С другой стороны, критиковать чужой роман даже проще, чем историю собственной родины. Что до «этники», то есть же, в конце концов, магазины колониальных подарков. Или чайхана у метро. Будем ли мы жаловаться на пыльный чай из пакетиков или пластиковые ложки, если хотим просто передохнуть? Конечно, нет. Так даже удобней, быстрей, привычней, практичней. И сразу можно выбросить после употребления. А что до глубины, так, в конце концов, дело это субъективное и мужское. Рваться в глубины. Иногда просто приятно повязать перед камином, погладить кошку, разыграть какие-то мечты на фоне. Всплакнуть в декорациях. В исторических костюмах. Для этого есть многочисленные читатели. Переход количества в качество. Что до идеологии, то отечественные паханы-нобелиаты, хотя бы некоторые спецы по человечности — точно знают, за что «хвалят» и дают пригубить из хрусталя и взять в аренду фрак. За общечеловеческие ценности. Убивать людей — плохо. Рожать детей хорошо. Россия — тюрьма народов. Телята против дубов. Ну и далее по списку.

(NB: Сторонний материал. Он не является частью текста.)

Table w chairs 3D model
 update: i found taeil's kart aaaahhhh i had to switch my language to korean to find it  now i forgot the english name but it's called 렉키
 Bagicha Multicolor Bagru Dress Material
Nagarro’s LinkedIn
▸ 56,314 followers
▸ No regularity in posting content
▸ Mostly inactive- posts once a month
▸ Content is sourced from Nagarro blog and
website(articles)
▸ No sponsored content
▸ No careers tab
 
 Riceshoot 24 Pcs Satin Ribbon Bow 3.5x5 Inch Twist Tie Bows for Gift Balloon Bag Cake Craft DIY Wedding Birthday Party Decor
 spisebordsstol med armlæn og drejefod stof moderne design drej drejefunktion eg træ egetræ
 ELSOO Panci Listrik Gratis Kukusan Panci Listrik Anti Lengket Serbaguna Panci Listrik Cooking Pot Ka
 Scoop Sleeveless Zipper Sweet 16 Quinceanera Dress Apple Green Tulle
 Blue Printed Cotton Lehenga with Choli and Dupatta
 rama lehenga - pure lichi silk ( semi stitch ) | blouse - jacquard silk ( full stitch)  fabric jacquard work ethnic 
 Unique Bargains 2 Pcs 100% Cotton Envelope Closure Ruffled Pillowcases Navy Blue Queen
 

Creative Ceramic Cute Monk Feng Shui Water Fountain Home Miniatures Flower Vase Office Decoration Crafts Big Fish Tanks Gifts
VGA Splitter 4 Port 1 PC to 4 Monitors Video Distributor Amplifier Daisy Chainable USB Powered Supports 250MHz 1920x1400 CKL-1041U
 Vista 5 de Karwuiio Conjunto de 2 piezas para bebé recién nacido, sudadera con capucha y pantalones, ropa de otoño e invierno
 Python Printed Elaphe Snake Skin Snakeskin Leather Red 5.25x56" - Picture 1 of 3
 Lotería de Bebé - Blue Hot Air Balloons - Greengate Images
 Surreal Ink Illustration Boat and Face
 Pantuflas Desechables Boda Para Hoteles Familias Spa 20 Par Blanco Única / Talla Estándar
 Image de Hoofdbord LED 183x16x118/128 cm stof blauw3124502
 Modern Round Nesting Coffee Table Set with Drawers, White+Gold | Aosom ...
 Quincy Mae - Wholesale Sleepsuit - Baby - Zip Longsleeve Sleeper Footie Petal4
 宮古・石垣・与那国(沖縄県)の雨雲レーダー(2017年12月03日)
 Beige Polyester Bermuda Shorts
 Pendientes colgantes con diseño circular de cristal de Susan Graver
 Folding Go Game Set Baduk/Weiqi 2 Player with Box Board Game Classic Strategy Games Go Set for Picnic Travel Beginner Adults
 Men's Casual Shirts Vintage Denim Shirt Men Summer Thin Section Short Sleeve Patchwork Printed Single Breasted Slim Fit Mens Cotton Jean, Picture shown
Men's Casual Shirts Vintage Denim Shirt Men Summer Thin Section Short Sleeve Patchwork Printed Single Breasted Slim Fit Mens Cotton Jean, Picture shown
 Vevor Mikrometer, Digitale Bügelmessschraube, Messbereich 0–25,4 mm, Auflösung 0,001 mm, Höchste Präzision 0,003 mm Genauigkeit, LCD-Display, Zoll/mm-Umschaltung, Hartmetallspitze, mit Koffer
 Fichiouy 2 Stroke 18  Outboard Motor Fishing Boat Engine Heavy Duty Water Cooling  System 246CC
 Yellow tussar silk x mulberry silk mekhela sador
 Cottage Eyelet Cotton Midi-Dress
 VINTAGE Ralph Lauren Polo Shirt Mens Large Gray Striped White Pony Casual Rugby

В конце романа на паре страниц нас встречает словарь татарского языка, что должно вновь подчеркнуть, что перед нами всё-таки этническое произведение. Интересно прочитать. Во мне течёт отдалённая татарская кровь. Отца моей бабушки, моего прадеда, расстреляли в день рождения вождя как кулака. Зато дедушка по другой линии — был подполковником контрразведки. Сам же родился за колючей проволокой. Город-сад. Но во вполне ссыльных местах, где академики и зк делили тяготы жизни когда-то. В моей же жизни всё было хорошо. Перестроечные учебники и жвачки. Сериалы и американские фильмы. Было уже понятно, кто плохой, а кто хороший. Нам потребовалось прожить свою молодость, чтобы чуть-чуть усомниться в очевидном. Этот прекрасный роман не оставляет мест для сомнений.